Une main d’œuvre bon marché, qui trouve rarement preneur en cette période de disette.
Agés de la trentaine et plus, ce sont des pères de familles, souvent nombreuses, sans qualification, aux conditions de vie plus que modestes qui pointent chaque jour, dès les premières heures de la matinée, au centre-ville dans l’espace attenant à l’ancien siège de la daïra d’Aïn El Türck, à la quête d’un «boulot» de quelques heures ou de la journée.
Pour eux, les moments sont durs, ils ne sont plus aussi sollicités qu’ils l’étaient auparavant, bien qu’ils proposent leurs forces de travail pour des travaux pénibles que ne peuvent accomplir chez eux , les particuliers.
La faute est à l’érosion du pouvoir d’achat et à cette fâcheuse pandémie passée et durable qui a miné les budgets.
La mine patibulaire, leurs visages traduisent la détresse.
L’air hagard, leurs yeux balaient à longueur de journée, les passants pour un éventuel travail, même à moitié rémunéré, l’essentiel est de pouvoir ramener quelques dinars à la maison, pour composer le repas du jour, qui se limite souvent à quelques baguettes de pain, du lait et des pommes de terre.
Parfois, pour ne pas dire souvent, la journée est « blanche » pour la majorité d’entre eux, contraints de retourner bredouilles chez eux, en fin d’après-midi, avec l’espoir que le lendemain sera meilleur.
Et si toutefois, une proposition venait à tomber, c’est la ruée vers le demandeur de la force de travail, comme si la chance n’allait pas leur sourire une deuxième fois.
Pourtant, malgré cette détresse, visible à mille lieux, qui marque les traits de leurs visages comme la pluie marque les sillons de la terre, certains gardent le sourire, font bon cœur contre mauvaise fortune, font preuve de tolérance envers leurs confrères les plus désappointés, tentent de partager leurs malheurs pour les soulager d’un fardeau pesant.
Dans la joie comme dans le malheur, la solidarité, ne serait-ce que morale, n’est jamais loin.
Dans leur lutte au quotidien contre l’indigence, les « plastia» n’affichent aucune animosité entre eux.
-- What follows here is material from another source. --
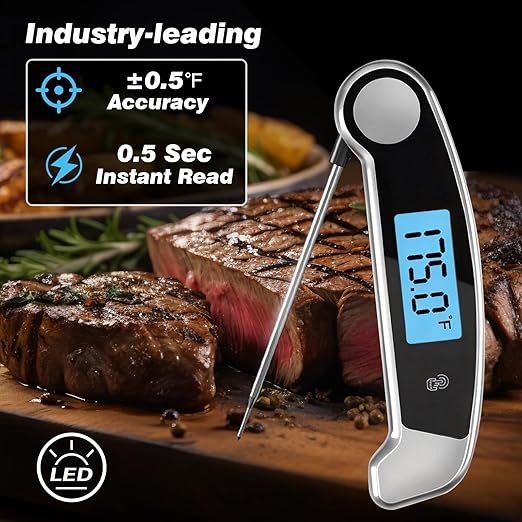 Meat Thermometer Digital Waterproof Instant Read Thermometer for Cooking ℃/℉ Convertible, Food Thermometer with Backlight, Cooking Thermometer for Kitchen Auto-Rotating Display Grey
La fatalité, disent certains, les a réunis en ces lieux, la fraternité, les ressoudera, elle est leur arme pour conjurer le sort et adoucir quelque peu, un vécu difficile.
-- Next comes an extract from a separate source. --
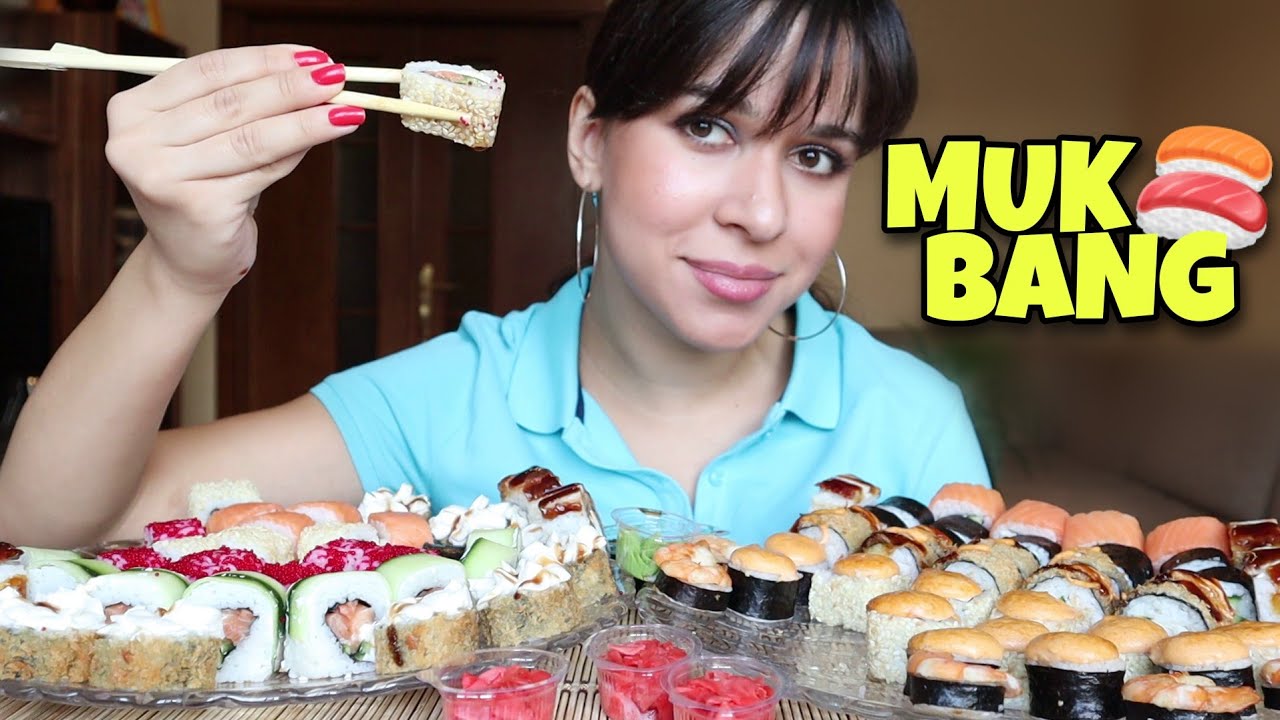 100 СУШИ/РОЛЛОВ МУКБАНГ/СКОЛЬКО СЪЕМ? #mukbang #asmr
La communion, se veut indéfectible, leur leitmotiv, car ils n’ont d’autre choix que de pointer, chaque jour, au même endroit, avec la même quête, et les mêmes personnes, dont beaucoup deviennent des amis de fortune, jusqu’à ce que la mort les sépare.
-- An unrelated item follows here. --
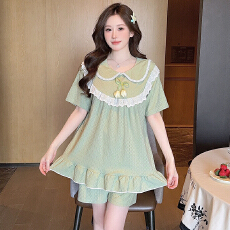 批发6535提花<b class='q'>睡衣</b>女夏季甜美公主风<b class='q'>短袖</b>短裤加肥大码220斤家居服外穿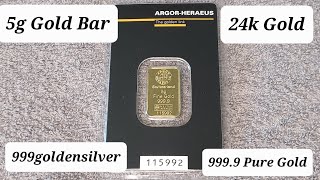 5g Gold Bar  ArgorHeraeus [upl. by Lrigybab]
L’amitié, qui les unit dans leur affliction, a un autre sens que chez les autres gens, elle se définit autrement, elle semble beaucoup plus fiable, épaisse et sincère.
La dureté de la vie a forgé leur âme, leur combat quotidien en a fait des vaillants, mais ils sont là, toujours disponibles, contre vents et marées, à qui voudraient solliciter leurs forces de travail.
Un regard envers eux, de la part des autorités locales, pour les enrôler, même dans le cadre du pré-emploi, ne ruinera pas la trésorerie locale.